Mar 062014
 

I’m really excited about the “Why are you a Christian?” project I’ve started, and Matthew’s answer yesterday. But it’s not all I’m going to be posting. I’ll do regular posts as well. Like this one!

jealous god

On Saturday, I tweeted a summary of what I’d been reflecting on in my quiet time (as I’ve been doing since the start of the year). It was about the part in the 10 Commandments where God states, “I am a jealous God.” Here is the tweet, along with a reply I received (picture and name deleted as I haven’t asked permission):

Jealous God tweet

Several times since Saturday, I’ve almost replied. The reason I haven’t is simple: my answer is too long for 140 characters. But it’s an important objection. I too struggled for a long time with that phrase, ‘jealous God’. It didn’t sit right. It didn’t feel right. But now it does, and this is why.

Jealousy isn’t always petty

The word ‘jealous’ has largely negative connotations to a modern ear. We shouldn’t be jealous. It is seen as petty and petulant. The example in the tweet is a good one. A parent who desires their child’s love so much that they’re jealous of their child’s friends. That’s not a loving parent. It’s an insecure parent.

But what about another example. Let’s imagine for a second that I was unfaithful to my wife. Let’s imagine she discovered I had another lover. What should her response be?

Should she be upset? Yes. Why? Because I’ve broken my promises to her. Because I’ve betrayed her. But also because someone else has something that should only ever be for her. She wants something for herself, not for anyone else. And she is right to do so – it is hers!

That is an expression of jealousy. But it’s not petty. It’s just. It’s an expression, ultimately, of love for me.

I’m not saying she should be jealous every time I talk to a woman. I’m not saying she should be jealous about me to the point where all of my attention should be only ever on her, never my work, my friends, my hobbies. That is jealousy gone wrong. It is expecting things that aren’t hers to expect.

There are things we should be jealous for and things we shouldn’t.

A jealous God is a passionately loving God

So which picture best fits God’s statement that “I am a jealous God”? A parent who will never let their child enjoy anything else? Or a lover who expects a place in their partner’s heart that no-one and nothing else can take?

The statement is part of a command, the 2nd Commandment (Exodus 20:4-6), which prohibits the making and worshiping of idols. It is a command that God alone must occupy their worship, their obedience, their adoration. Nothing else, no-one else, can.

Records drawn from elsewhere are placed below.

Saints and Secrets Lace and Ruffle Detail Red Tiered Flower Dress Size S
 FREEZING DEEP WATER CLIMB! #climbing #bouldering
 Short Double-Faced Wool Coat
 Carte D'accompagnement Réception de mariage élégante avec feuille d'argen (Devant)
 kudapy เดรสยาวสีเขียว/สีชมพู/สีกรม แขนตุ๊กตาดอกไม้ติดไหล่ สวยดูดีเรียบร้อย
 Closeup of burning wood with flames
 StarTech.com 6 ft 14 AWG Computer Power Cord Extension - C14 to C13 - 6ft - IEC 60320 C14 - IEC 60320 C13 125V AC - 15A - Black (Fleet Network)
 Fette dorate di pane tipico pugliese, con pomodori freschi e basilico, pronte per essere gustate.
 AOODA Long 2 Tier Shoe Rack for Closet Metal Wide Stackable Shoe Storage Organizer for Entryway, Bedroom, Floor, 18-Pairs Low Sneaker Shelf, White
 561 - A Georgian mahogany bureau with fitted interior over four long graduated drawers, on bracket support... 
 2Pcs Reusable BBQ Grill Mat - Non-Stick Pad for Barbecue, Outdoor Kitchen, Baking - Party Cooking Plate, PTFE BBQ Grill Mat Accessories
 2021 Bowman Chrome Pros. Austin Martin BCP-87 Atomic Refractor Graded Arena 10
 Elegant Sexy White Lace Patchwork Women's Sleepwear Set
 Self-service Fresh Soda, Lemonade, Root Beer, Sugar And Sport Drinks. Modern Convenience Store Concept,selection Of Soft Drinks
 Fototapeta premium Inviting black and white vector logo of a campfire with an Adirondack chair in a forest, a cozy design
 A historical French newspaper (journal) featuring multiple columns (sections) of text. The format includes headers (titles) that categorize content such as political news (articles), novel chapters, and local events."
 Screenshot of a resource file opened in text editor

He is entering into a relationship with the people of Israel. ‘I have rescued you, ransomed you, freed you,’ God says, ‘I love you and I am committing to you. I will be faithful to you, and I ask that you be faithful to me. I will be your God, but you mustn’t make for yourself anything else to worship and love above me.’

jealous god marriageHe’s asking them to forsake all others and be faithful to Him.

This is not a petulant, over-controlling and insecure God, who just wants minions to do His bidding. This is a loving God who wants people who love Him, who want relationship. This relationship is described in marital terms frequently in the Old Testament. And it is true of the church, too. We are Christ’s bride, and He is fiercely jealous for us.

I could only love a jealous God

Imagine my wife discovered I was unfaithful, and she just didn’t care. No jealousy. No anger. She was happy to share me. What would that say?

It would say she doesn’t love me.

If we have an idea of God as a divine taskmaster, a cosmic control-freak who just can’t cope when we like or love something else, then the idea of a ‘jealous God’ is a scary one. I could fear that god, but not love him.

But that’s not the biblical picture of God. He is a lover, someone who loves. His desire is for relationship, not servitude, for a depth of love with His people. He gives us His heart and when we trample it in the dirt because we think something else will satisfy more, that hurts Him. The fact He is all-knowing means He knows every time I am unfaithful. It hurts Him every time, but He’s willing to love me anyway, and keep getting hurt.

At that point, a ‘jealous God’ is a beautiful picture. A passionate lover who wants our heart, who is faultlessly faithful to us and desires the same single-minded love.

That is a God I can give my heart. That is a God I can love.